How will you collect data?
The idea is that these small sensors—they’re not going to take up more than a foot, really, probably less—are stuck on a boat and take readings continuously. And a connection is going to be sending data from the sensor to [fishers’] phones. The other cool thing about this is that we can get GPS data, to know where all these readings are coming from. And we don’t need a separate GPS installed in our sensors, because cell phones have GPS.
So all of that information can get uploaded together with a timestamp, whenever there’s a stable connection. And then in exchange for providing this data and cooperating with things like maintenance checks, the fishers receive Fishcoin tokens. So their activities and their data generation is being rewarded, because that is something of value.
What can they redeem these tokens for?
They can exchange them for top-up credits on prepaid mobile plans. Fishcoin has a relationship with TransferTo, as well as GSMA. GSMA basically represents the telecommunications industry and these telcos have agreed to allow Fishcoin tokens to have value for their data plans, which is super exciting. Connectivity is one of the most valuable things we have, especially when you’re in a developing area. Access to communication is huge.

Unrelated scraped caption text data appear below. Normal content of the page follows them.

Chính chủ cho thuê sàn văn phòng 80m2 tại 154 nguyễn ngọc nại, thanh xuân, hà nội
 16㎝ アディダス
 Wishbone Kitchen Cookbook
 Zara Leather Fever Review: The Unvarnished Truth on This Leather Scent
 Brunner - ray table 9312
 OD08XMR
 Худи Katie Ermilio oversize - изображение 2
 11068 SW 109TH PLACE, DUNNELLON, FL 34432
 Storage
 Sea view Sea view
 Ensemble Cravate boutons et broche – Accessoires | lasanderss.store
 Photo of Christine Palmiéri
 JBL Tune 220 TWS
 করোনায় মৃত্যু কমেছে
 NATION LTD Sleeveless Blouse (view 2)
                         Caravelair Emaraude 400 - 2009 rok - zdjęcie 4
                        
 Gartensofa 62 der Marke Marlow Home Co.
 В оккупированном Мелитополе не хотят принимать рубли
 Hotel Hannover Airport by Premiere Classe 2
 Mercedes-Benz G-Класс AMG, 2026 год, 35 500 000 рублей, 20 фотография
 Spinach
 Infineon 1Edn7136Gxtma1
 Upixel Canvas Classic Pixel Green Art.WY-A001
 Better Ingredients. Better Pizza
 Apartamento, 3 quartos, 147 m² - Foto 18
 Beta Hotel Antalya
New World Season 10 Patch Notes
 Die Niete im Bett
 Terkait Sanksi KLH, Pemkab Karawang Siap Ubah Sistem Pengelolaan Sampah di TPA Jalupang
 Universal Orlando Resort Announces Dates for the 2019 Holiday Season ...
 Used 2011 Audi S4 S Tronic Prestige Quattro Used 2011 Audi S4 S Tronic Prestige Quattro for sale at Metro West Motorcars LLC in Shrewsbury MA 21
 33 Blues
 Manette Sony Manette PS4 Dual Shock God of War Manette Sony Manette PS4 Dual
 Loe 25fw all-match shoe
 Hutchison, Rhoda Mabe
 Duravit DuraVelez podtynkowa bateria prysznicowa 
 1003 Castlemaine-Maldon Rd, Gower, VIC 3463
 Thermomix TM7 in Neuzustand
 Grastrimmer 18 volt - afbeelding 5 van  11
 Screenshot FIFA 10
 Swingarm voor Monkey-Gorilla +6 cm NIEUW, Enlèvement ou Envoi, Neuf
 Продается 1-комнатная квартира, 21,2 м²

So from the telecom provider’s perspective, is this a charity thing?
It’s not really. What it actually is, is the shifting of benefits in this industry. Fishcoin tokens have value and so… whoever is making use of catch data, origin, provenance information, they’re the ones that have to pay Fishcoin tokens to the data producer. Eventually those tokens get to the fishers, and then the fishers give those to telcos. So really, what’s happening is that you have whoever [is the] data demander basically helping to defray the cost of a fisher’s cell phone bill. And then for the telcos, it’s a threshold situation. … There are some fishers that wouldn’t be able to make use of their services at all, because they can’t afford it. But if you can give them a little bit of help, then they get to be able to use their services. I can’t speak for them and say that that is exactly the reasoning, but the logic makes sense.
Why is using a blockchain necessary?
Blockchain makes trust possible. … No one person can lie or change what they’ve done, because the group as a whole has record of what’s happened in the past. It’s immutable. That is critical for an opaque industry where everything is secret, and traceability is a mess. The other thing about it is that blockchain, even with that data in the open, allows for access permission. So you can you grant access to that data to certain individuals. If I want to then allow others to see it, I get to selectively choose and take ownership of my information. And that allows for a transfer of value to take place. That’s where having a Fishcoin token becomes really cool. You can use something that’s actually built into how blockchain functions, which is this token, to allow an exchange of value.
When I got exposed to blockchain, I was like, ‘Wow, we could shift the economic structure if we do this right. Oh my goodness, this is cool.’ And in a very sunshine-y way, I guess, I was like, ‘Okay, let’s try to find a way to do this.’
This interview has been edited and condensed. Photos courtesy FishcoinOA.